### RECORDS FOR THIS EXERCISE ###

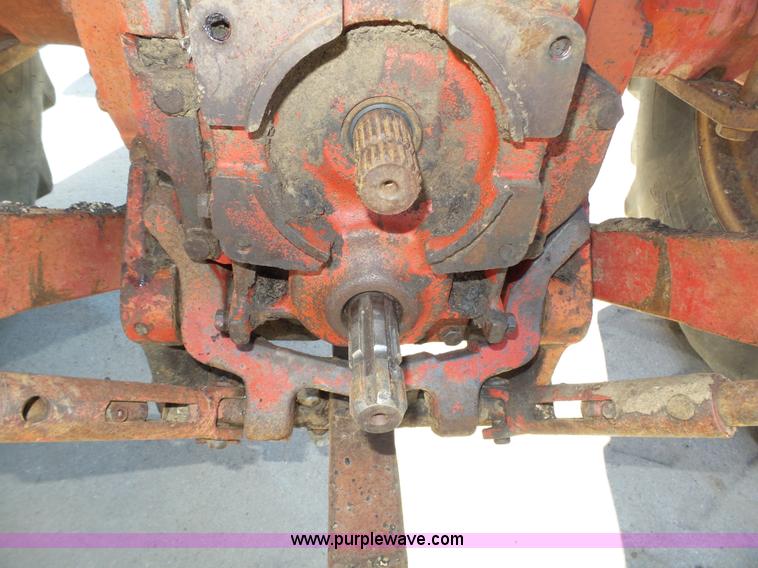 image for item L4017 1967 International 706 tractor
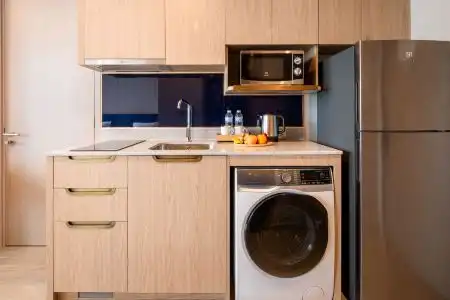 S Sriracha & Residence - 131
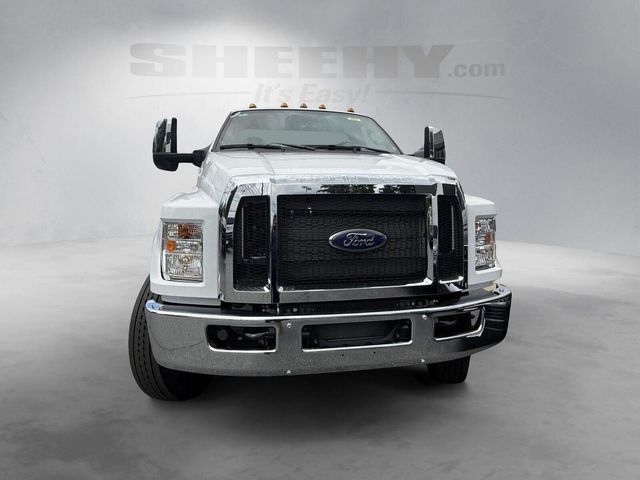 2027 Ford F-750 Base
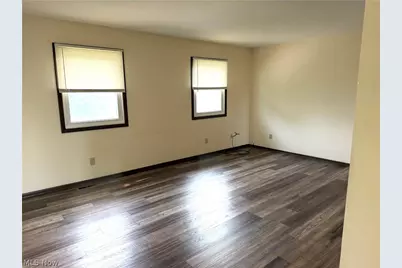 1512 Clairmont Avenue, Cambridge, OH 43725 - Photo 6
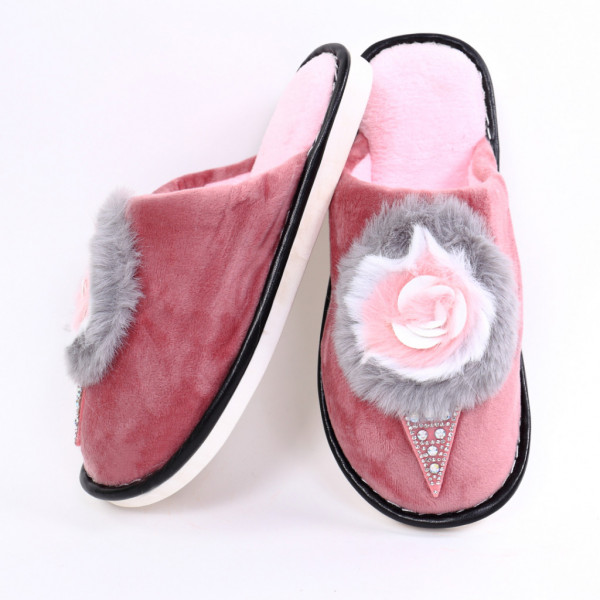 Papuci cu puf roz Rifa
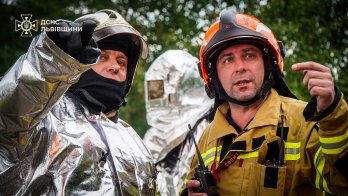 У ДСНС показали рятувальників, які 12 годин ліквідовували наслідки атаки на Львівщину – 15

###

WORK INSTRUCTION: Print the lines from the one that contains "2027 Ford F-750 Base" through the last line of the data, exactly and in full, and no other lines. Pictures are not part of the copy.

ANSWER FOR THE TASK:
 2027 Ford F-750 Base
 1512 Clairmont Avenue, Cambridge, OH 43725 - Photo 6
 Papuci cu puf roz Rifa
 У ДСНС показали рятувальників, які 12 годин ліквідовували наслідки атаки на Львівщину – 15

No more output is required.